Brands Can Recolor the Visual Language of Technology

by Vanst
Brands Can Recolor the Visual Language of Technology

The future is a promise to the human imagination, inspiring us to look beyond what the world is and envision what it could be. But if the future is so rife with possibilities, why have marketers’ ideas of what it looks like—or rather, what they believe audiences think it will look like—converged on such a monolithic aesthetic? 
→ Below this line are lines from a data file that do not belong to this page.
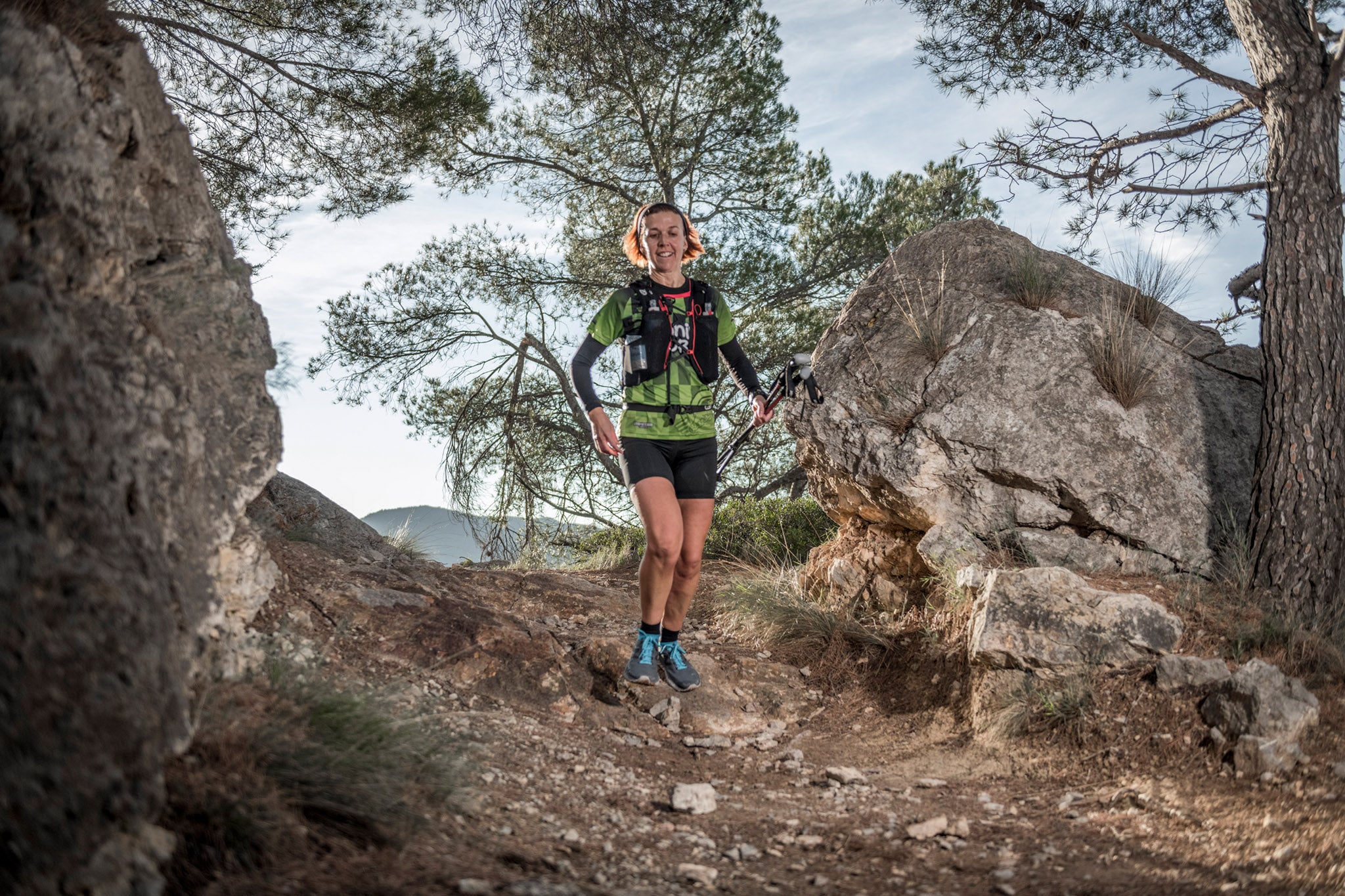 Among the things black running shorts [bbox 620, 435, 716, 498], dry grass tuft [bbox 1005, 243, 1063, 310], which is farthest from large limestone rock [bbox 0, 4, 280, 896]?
dry grass tuft [bbox 1005, 243, 1063, 310]

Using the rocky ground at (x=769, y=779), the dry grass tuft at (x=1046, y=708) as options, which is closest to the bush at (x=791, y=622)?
the rocky ground at (x=769, y=779)

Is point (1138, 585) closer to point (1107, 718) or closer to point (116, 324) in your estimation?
point (1107, 718)

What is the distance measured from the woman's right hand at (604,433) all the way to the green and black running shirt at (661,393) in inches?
6.0

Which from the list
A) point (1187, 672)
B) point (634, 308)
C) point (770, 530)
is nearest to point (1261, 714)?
point (1187, 672)

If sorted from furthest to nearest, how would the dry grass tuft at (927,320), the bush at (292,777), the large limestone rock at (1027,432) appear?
the dry grass tuft at (927,320) < the large limestone rock at (1027,432) < the bush at (292,777)

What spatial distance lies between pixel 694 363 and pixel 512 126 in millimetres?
7414

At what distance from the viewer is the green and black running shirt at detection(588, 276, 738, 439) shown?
476cm

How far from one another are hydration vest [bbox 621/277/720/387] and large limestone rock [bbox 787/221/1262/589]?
1695 mm

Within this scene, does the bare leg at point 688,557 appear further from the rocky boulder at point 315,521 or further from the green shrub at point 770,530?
the green shrub at point 770,530

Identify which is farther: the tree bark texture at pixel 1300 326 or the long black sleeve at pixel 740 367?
the tree bark texture at pixel 1300 326

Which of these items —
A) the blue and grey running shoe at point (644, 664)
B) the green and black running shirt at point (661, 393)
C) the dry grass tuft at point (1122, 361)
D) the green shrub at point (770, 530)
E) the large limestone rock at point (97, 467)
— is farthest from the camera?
the green shrub at point (770, 530)

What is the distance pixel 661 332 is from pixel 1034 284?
3.08m

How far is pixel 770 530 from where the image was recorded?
33.1 ft

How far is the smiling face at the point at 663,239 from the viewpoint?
16.0 feet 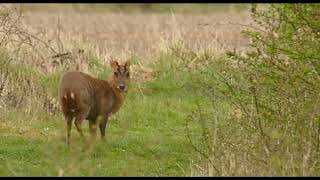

When we examined search and download data from our platform, we found that in 2024, users were enamored with visuals of the future. Among our Creative library of hundreds of millions of pre-shot images, videos, and illustrations, the most popular images featured sleek hologram overlays, luminous lines of code, and a notable abundance of one color: blue. 

Getty Images
Close up of network data flowing on black background.
Two of Getty Images’ top-selling images from 2024.Getty Images

Marketing visuals have long equated technology and the future with cool tones and electric dreamscapes, largely due to the influence of science fiction films. Through their cultural dominance, these films set the aesthetic for the future as a blue, clinical, and streamlined world. 

Despite recent efforts to move away from the blues, the depiction of technology and the future has changed little over the last 30 years—and in 2024, we saw a renewed embrace of blue-dominant tech imagery in response to the rise of artificial intelligence. AI is changing how we work, live, and create, and marketers are defaulting to the familiar visual codes of science fiction to capture it.